▶ **About this exercise**
What follows is a listing to transcribe exactly, leaving the pictures out.
Top of Recorded data
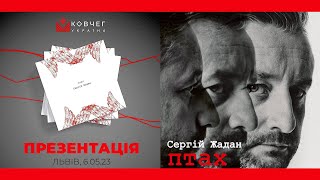 Сергій Жадан презентує у Львові унікальне видання | НАЖИВО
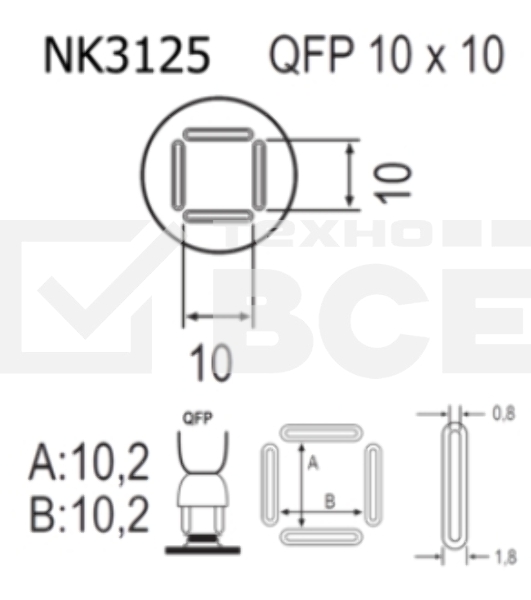 Насадка Quick NK3125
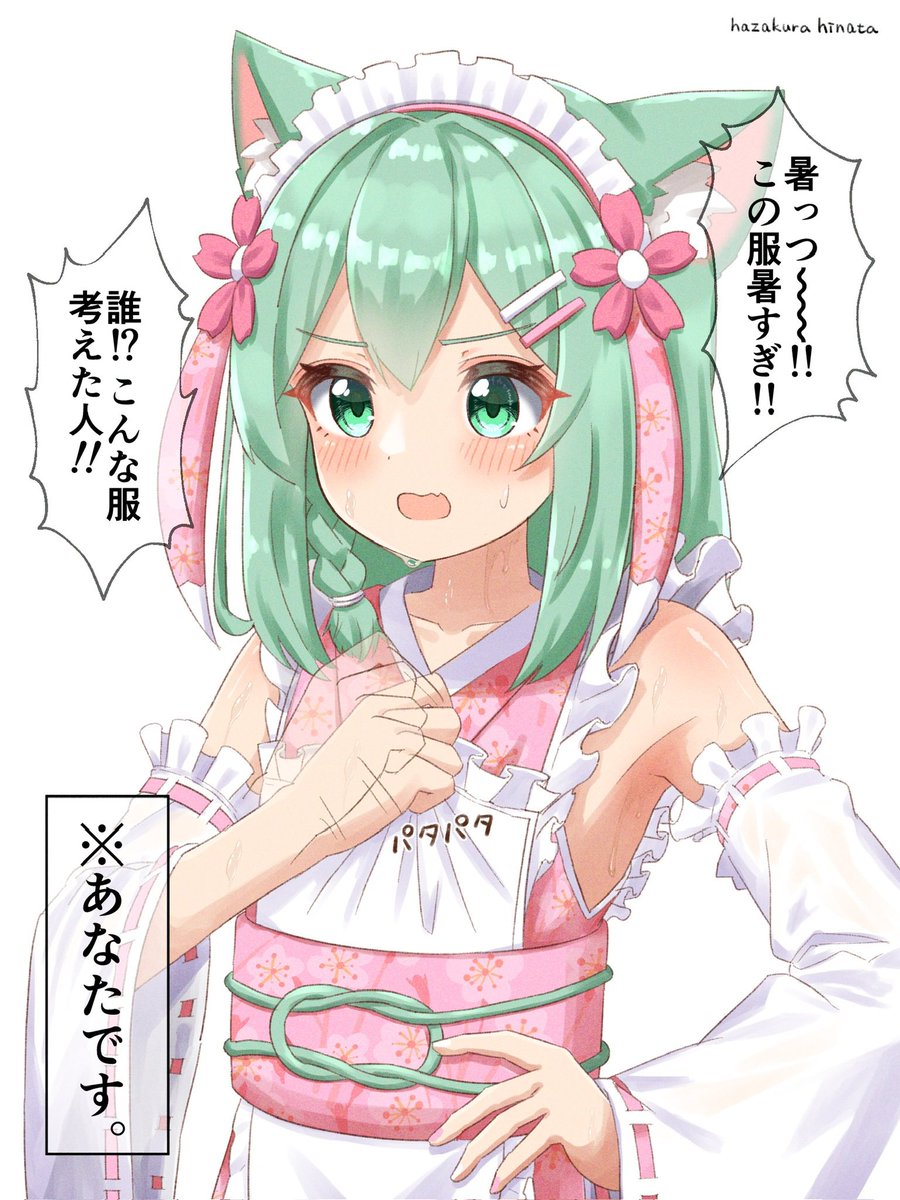 夏服も作ろうかなぁ💭
#イラスト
Bottom of Recorded data
▶ **Exercise solution**
 Сергій Жадан презентує у Львові унікальне видання | НАЖИВО
 Насадка Quick NK3125
 夏服も作ろうかなぁ💭
#イラスト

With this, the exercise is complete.